“And I didn’t need yours, but we’re both here.” I sighed, wiggling my fingers to try and keep the blood flow going. “I promised her family justice, and I’m not going to back down. The way I see it, you’ve got two options—either you kill me for no good reason, or you believe me and you let me do what I came out to do tonight.”
“Or I could leave you tied up here and forget all about you,” he said, standing.
My eyes tracked him as he walked back over to his chair. I thought of my girls, waiting for their daddy to come home, and how heartbroken they’d be if I never did. But I wouldn’t beg him, and I wouldn’t use them as a bargaining chip. The last thing I wanted was some vigilante knowing anything about my family.
“But you won’t,” I said.
“What makes you think that?” He placed the scalpel down on a little silver tray.
“Because if you were going to kill me, you’d have done it already. You strike me as someone who knows what he’s doing. Someone who doesn’t fuck around. And you’ve got no reason to kill me.”
“I’ve got no reason to let you go either,” he pointed out. “If anything, you’re a liability. You’ve seen my face.”
“And you’ve seen mine.”
He turned around, crossing his arms over his chest. The new posture highlighted his broad shoulders and trim hips in a distracting way.
“We’re on the same team,” I reminded him.
“How do I know I can trust you?” he asked.
I lifted my shoulders and let them fall. “Guess you’ll have to take a chance.”
He studied me for a little while longer while Alvin screamed in the next room. I didn’t know what I was going to do if he decided he wasn’t going to let me go. While I didn’t want to hurt him, I would if I had to. I’d do anything to make sure I got home to my daughters safe and sound.
He sighed and turned his head, muttering something in what might’ve been Russian before coming back over. I tensed as he stepped up behind me, half expecting him to slit my throat.
Instead, he sliced through the plastic ties around my wrists and ankles. “You make any moves I don’t like, and you’ll be dead before you can blink.”
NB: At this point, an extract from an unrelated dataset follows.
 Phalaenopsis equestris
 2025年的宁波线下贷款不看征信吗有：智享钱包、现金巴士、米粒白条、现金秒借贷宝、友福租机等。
I nodded and stood before he could change his mind, rubbing more circulation back into my hands. “You got a name?” I asked the other man as he went back to the little metal tray where he kept a briefcase.
He paused and looked up at me, his fingers frozen on the clasps. “Warrick,” he said after a long pause before fastening the briefcase closed. “Come with me.”
Warrick led me out of the smaller room into a big open space, our footsteps echoing. A set of metal stairs climbed up the wall on the opposite side to a second story, where there was a dirty glass looking out over what must’ve been a production floor at one time. For an abandoned factory, the place was immaculately clean, not a speck of dirt on anything.
I followed him through some plastic sheeting into another room with several metal gates, the kind used to corral animals at a farm. Chains dangled from the ceiling, a hook attached at the end of each. At the front of the room was a rectangular pit. Alvin was strung up naked over it, hanging from a meat hook, while one of the other guys I’d seen in the parking lot took his time slicing carefully into Alvin’s torso. Alvin was covered in blood, but he was still conscious and whimpering pathetically.
The young man cutting into Alvin looked up with a scowl. “What the fuck is he doing here?”
Without so much as a word of explanation, Warrick walked over and plucked the scalpel out of the young man’s hand.
“Now wait one fucking minute,” the young man protested. “Mom and Shepherd said he was my kill!”
“Well Annie and Shepherd aren’t here, are they?” Warrick snapped. “I’m in charge, and I say step aside.”
He glared at Warrick and then at me before moving out of the way and crossing his arms with a scowl.
Warrick held the scalpel out to me. “Do what you came to do.”
I looked him up and down with a quick smirk. “I brought my own, if you don’t mind?” It was gone now, no doubt taken from me when they patted me down while I was out, but I’d brought that knife for a reason. It was Jamina’s older brother’s, and he’d wanted me to use it. It was part of the deal.
Warrick frowned. “That way will take forever.”
“That’s the idea.”
He eyed me a second longer before reaching into his pocket and coming out with the switchblade I’d brought.
I seized it from him and turned to Alvin. “Remember me?”